Glad you get a kick out of it.
You guys are a great bunch of people. Awesome that people who have never met and unlikely to have a fun connection with others who share a common hobby.
 
View attachment 108689 This is the front pair for the Multimatic DSSV shocks I put on my car. 5/8"bearing bore, 16mm"shaft. I only had one set, (long story). Getting them from Multimatic is theoretically possible but no time line given and $$$$$. So I ordered 5/8"mis alignment spools that were the correct heights (very close) from QA1 products. Perfect fit for the bearing, .005" tight for the shaft. What to do? Backyard lathe, chucked the new spacers into my drill press and then used a carbide burr to open the bore a little at a time, stopping often to test fit onto the shaft.

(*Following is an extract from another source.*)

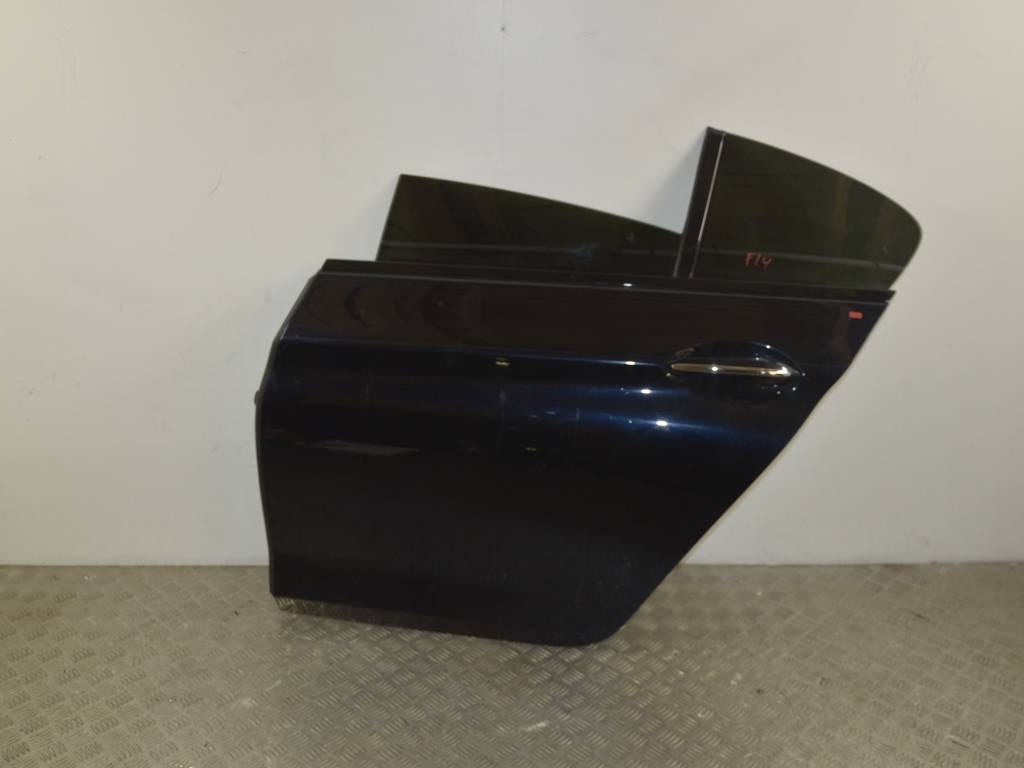 Дверь задняя левая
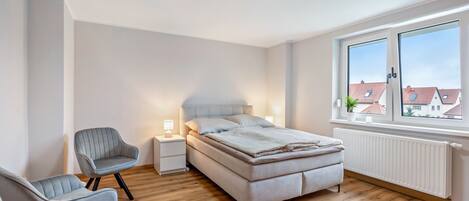 1 bedroom, WiFi, bed sheets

Material is very hard so it was slow going even just taking 5-6 thousands. I would call Watson, they are great and will help you figure what you need. Just let them know what shock shaft diameters and the bearing bore diameter.
Looks like this might be easier than i thought. Still need to get parts made but pretty straight forward.
This was my original spherical bearing with top nut and lower part is part of the spring plat form. The 2 bearing are similar in height, like close enough not to be worried.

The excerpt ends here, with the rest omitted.